I found myself chatting with Geoff Levermore, before the service. He always asks very probing questions, too probing at times I would say. One question he asked was where I would place myself on the Unitarian spectrum. I asked him what he meant by that? He explained asking if I found myself tending towards Liberal Christianity, something more human centred or a more earth centred, more naturalist spirituality. I said I don’t really think about ministry that way. I could see he didn’t feel satisfied with my answer and so I said that I identify as a Universalist really. He said a Deist and I said no I identify more as a Panentheist, or at least if I have to put a label on my beliefs. It seems he had not heard of Panentheism. The truth is though that I am not too precious about such things, as I know my primary role is to serve. Rev Penny Johnson being a wonderful example of this. She saw her role and certainly the worship she created as being related to the world in which she lived and helping others to live in this world. She never wore a clerical collar and did not see herself as separate from those she served. She saw her role as being with people in their struggle, a perspective I share with her.

That said if I have to put a label on it I say I am a Universalist. As a Universalist I believe there is truth in so many traditions. I am yet to find the whole truth in any.My place is not in the spectrum, it kind of is the spectrum. I also believe in a God of love that is present in all life and yet is greater than all life. This is panentheistic, or at least how I see it. This brings with it a great responsibility, for my faith to be real it has to be lived out in this world. This can be challenging at times. As a friend once said in response to my Universalism, “The thing I worry about is how much input a God of love is having, in that so many are hurt, killed.” This point seems particularly pertinent at this time, especially as we witness the horrors taking place in Israel and Palestine. So many innocent lives brutally killed. It is heartbreaking to witness such horror and barbarity and how this is spreading to other parts of world. The sorry spectacle of our inhumanity to one another. Not that this is a new story it has been going on throughout human history. Now some say this is evidence of the evils of religion. Some of us may have sympathy with this view. That said if I look at most of the evils of the second half of the 20th century and many today they were and are inflicted by secular states too. Think of China and North Korea today, or Cambodia and the Soviet Union in the past. To me most of such violence and dare I say evil is due to failing to recognise the sacredness of one another. Of failing to see the other as neighbour, the secular and the religious as just as culpable of this. When will we see the other in ourselves and ourselves in the other?

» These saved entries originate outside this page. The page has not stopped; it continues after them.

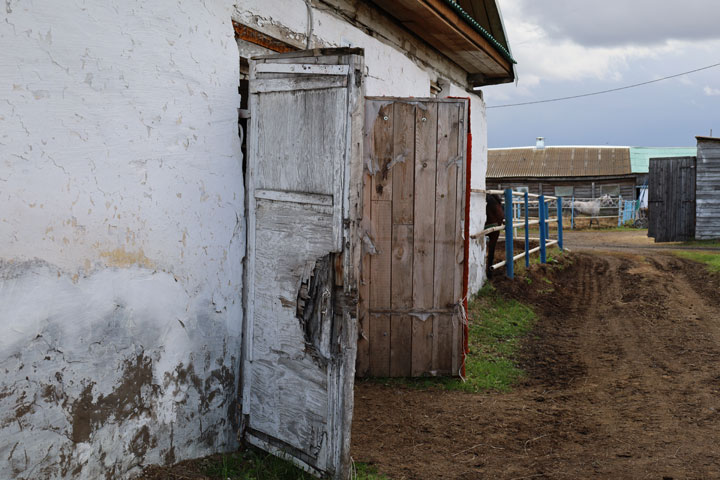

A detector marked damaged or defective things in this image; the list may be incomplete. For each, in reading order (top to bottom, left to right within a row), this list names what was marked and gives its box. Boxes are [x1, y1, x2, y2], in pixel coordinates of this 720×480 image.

broken door panel [243, 50, 366, 478]
broken door panel [358, 97, 466, 376]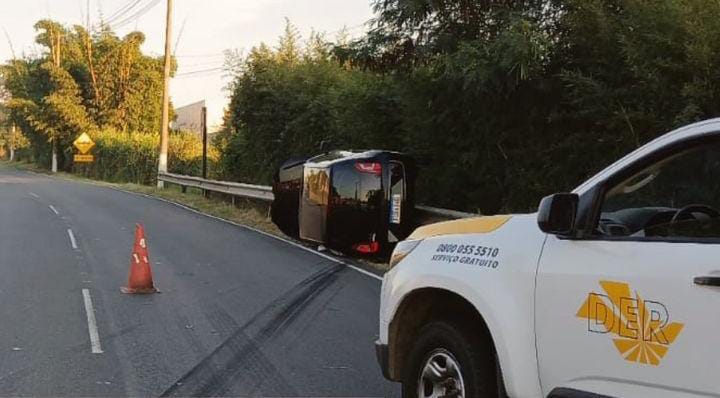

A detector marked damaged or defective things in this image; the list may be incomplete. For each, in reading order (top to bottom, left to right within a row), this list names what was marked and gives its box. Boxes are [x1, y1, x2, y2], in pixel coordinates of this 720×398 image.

overturned dark vehicle [270, 149, 416, 255]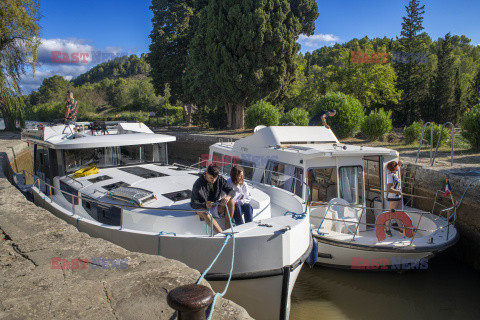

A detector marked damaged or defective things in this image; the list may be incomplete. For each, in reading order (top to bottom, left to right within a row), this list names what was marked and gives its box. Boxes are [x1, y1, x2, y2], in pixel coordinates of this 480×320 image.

rusty bollard [168, 284, 215, 318]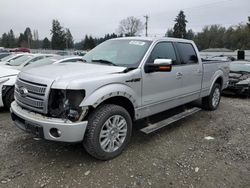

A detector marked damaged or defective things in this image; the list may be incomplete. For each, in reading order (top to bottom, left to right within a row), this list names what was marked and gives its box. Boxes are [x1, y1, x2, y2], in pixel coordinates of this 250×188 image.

crumpled hood [19, 62, 127, 87]
damaged front end [48, 89, 88, 122]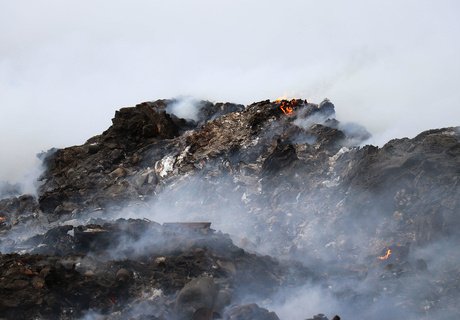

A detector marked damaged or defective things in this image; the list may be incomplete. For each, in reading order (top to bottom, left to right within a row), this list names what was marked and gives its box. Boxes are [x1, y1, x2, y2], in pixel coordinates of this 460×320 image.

charred debris [0, 99, 460, 318]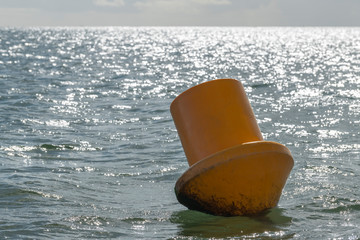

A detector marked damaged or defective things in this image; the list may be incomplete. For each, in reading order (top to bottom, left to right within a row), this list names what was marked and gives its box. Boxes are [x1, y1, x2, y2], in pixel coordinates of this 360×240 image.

rusty base of buoy [176, 142, 294, 217]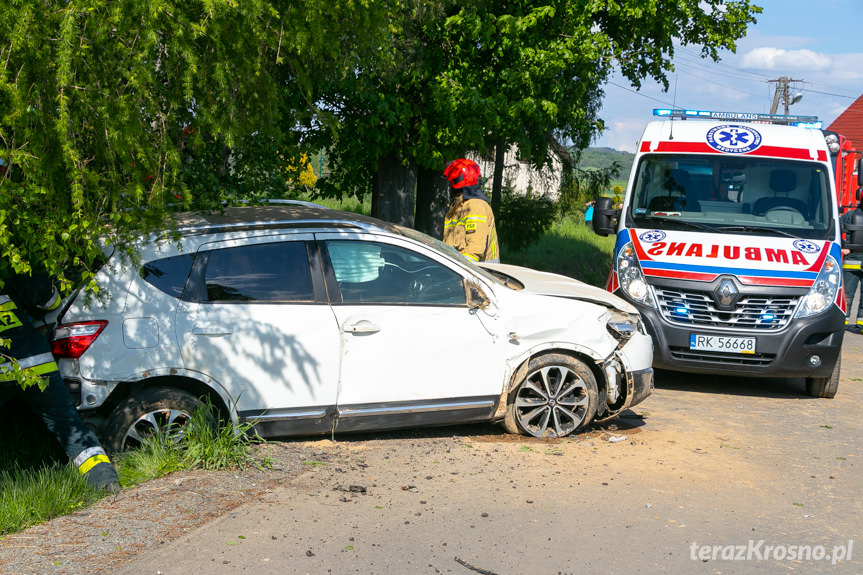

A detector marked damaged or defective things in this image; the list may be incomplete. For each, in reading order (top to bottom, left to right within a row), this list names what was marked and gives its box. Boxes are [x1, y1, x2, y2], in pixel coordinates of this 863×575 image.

crumpled hood [480, 262, 640, 316]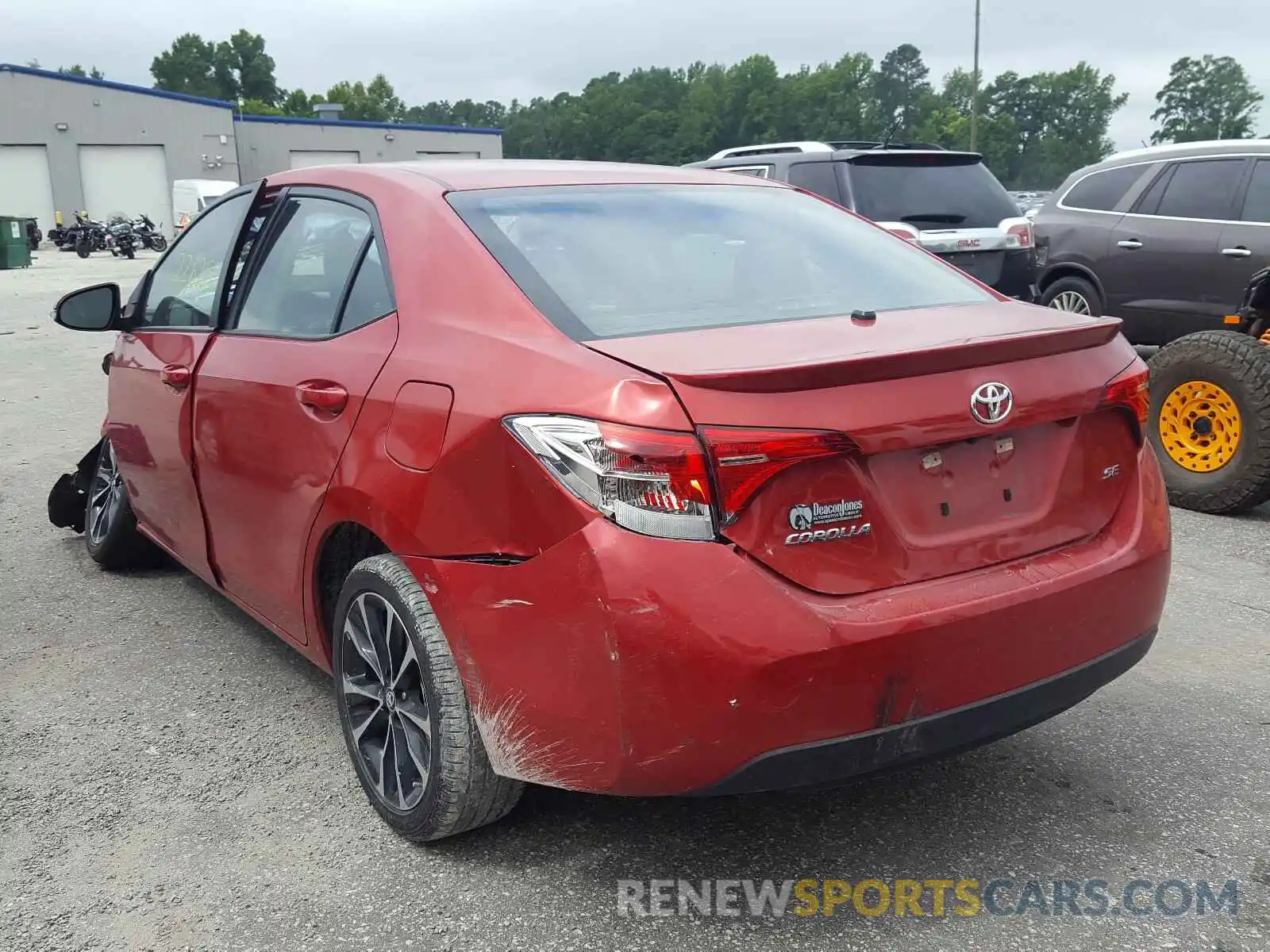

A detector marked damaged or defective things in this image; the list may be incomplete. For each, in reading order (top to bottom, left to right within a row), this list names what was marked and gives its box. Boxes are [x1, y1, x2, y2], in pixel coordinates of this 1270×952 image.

damaged front wheel [333, 555, 525, 847]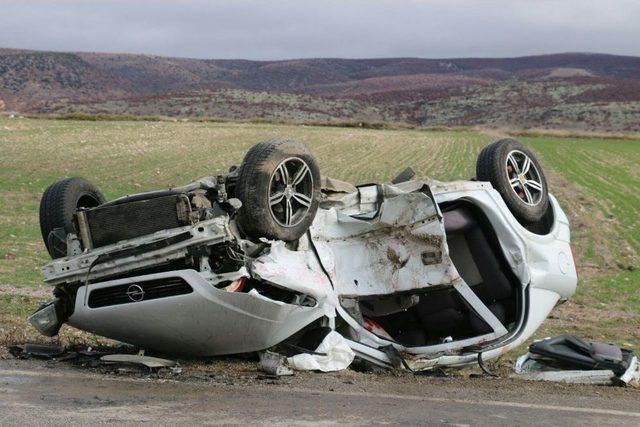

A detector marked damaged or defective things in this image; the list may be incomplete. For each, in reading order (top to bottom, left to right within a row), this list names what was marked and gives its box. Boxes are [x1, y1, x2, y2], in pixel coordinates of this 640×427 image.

overturned white car [32, 139, 576, 370]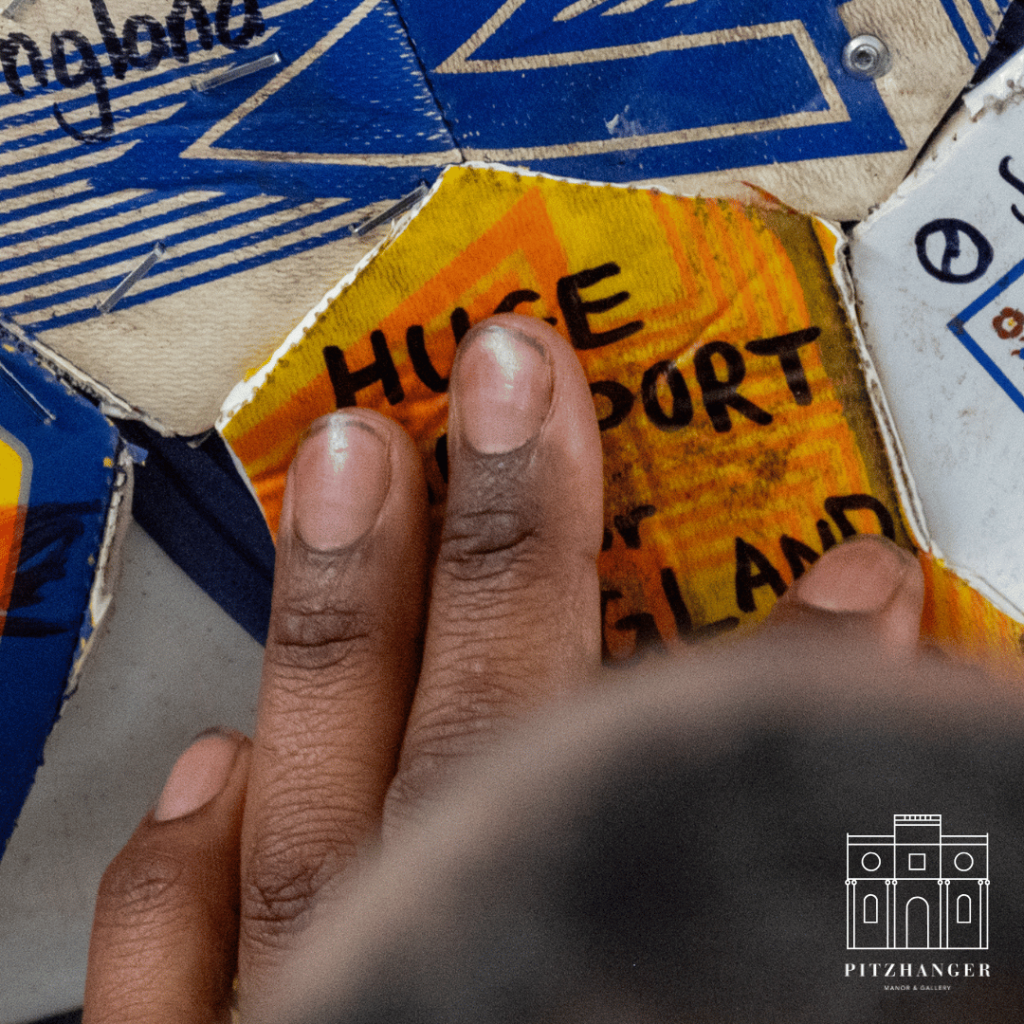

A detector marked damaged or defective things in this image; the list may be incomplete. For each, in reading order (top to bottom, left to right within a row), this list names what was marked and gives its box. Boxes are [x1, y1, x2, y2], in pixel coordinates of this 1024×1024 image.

worn torn edge [964, 46, 1024, 119]
worn torn edge [0, 316, 170, 436]
worn torn edge [828, 225, 932, 560]
worn torn edge [65, 444, 136, 700]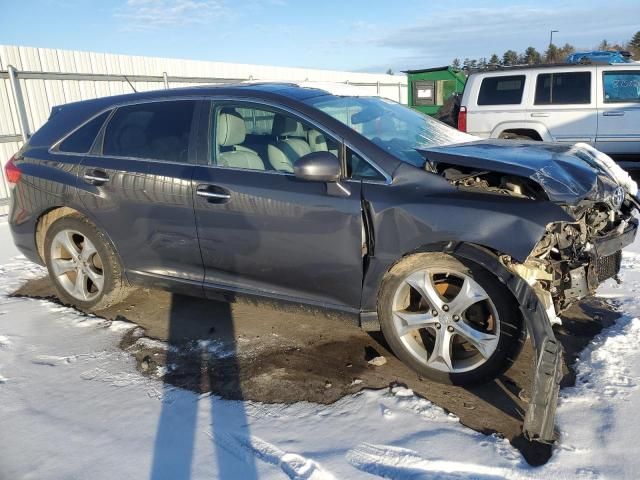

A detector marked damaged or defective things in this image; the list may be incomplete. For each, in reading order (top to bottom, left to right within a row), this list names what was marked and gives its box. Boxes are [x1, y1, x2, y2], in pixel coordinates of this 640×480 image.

crashed car [3, 81, 636, 442]
crumpled hood [418, 140, 608, 205]
damaged front end [422, 141, 636, 444]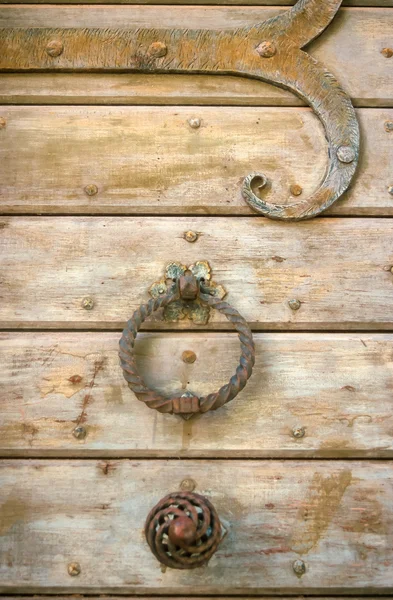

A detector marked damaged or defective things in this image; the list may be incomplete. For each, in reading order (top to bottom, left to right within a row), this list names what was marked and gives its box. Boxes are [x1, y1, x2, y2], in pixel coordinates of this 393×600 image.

rusty nail [46, 40, 64, 57]
rusty nail [146, 41, 166, 58]
rusty nail [254, 41, 276, 58]
rusty iron door knocker [1, 0, 358, 220]
rusty nail [334, 145, 356, 164]
rusty iron door knocker [118, 266, 254, 418]
rust stain on wood [290, 472, 350, 556]
rusty iron door knocker [145, 490, 224, 568]
rusty nail [290, 556, 306, 576]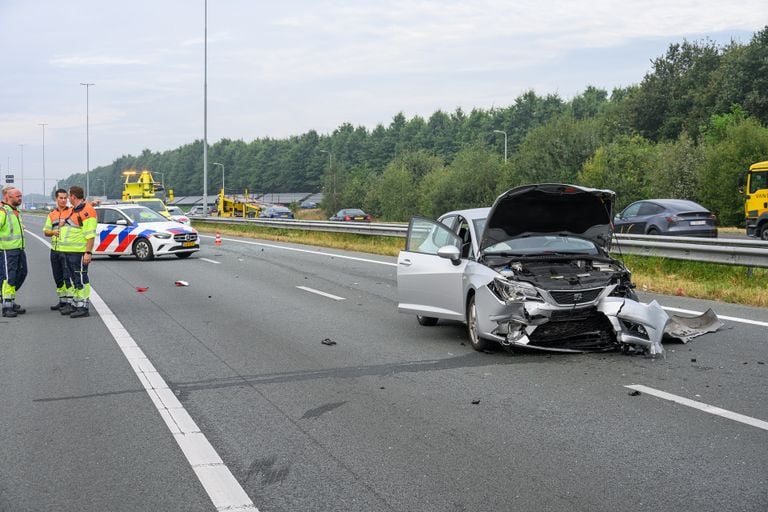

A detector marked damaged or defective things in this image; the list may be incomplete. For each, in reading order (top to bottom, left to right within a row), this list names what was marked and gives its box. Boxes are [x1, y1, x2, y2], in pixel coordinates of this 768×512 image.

broken headlight [492, 278, 540, 302]
severely damaged car [396, 184, 720, 356]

So, it is a pertinent question to ask about a God of love. If we look at the world, at the suffering within the world, it is reasonable to ask in what sense a God of love could be involved in all of this? Of course the response of many is that none at all, for there is no God. Or others will say that God is not all loving. Others may say well it’s all a mystery and we cannot understand how God’s love operates. Then still others will suggest that we look at the helpers and that this love manifests in their actions. Do any of this answers seem adequate to you? It is certainly something to ponder.

Now suffering and a God of Love is a question that has troubled theologians, philosophers and plain ordinary people for centuries. The question has been asked and continues to be asked as to what causes suffering and can it be overcome? Now in some quarters it has been suggested that the root cause of suffering is “evil”. Which has led to the question that if evil exists then how can God be all powerful, ever present and all loving? In theological circles this has become known as “The Theodicy Dilemma”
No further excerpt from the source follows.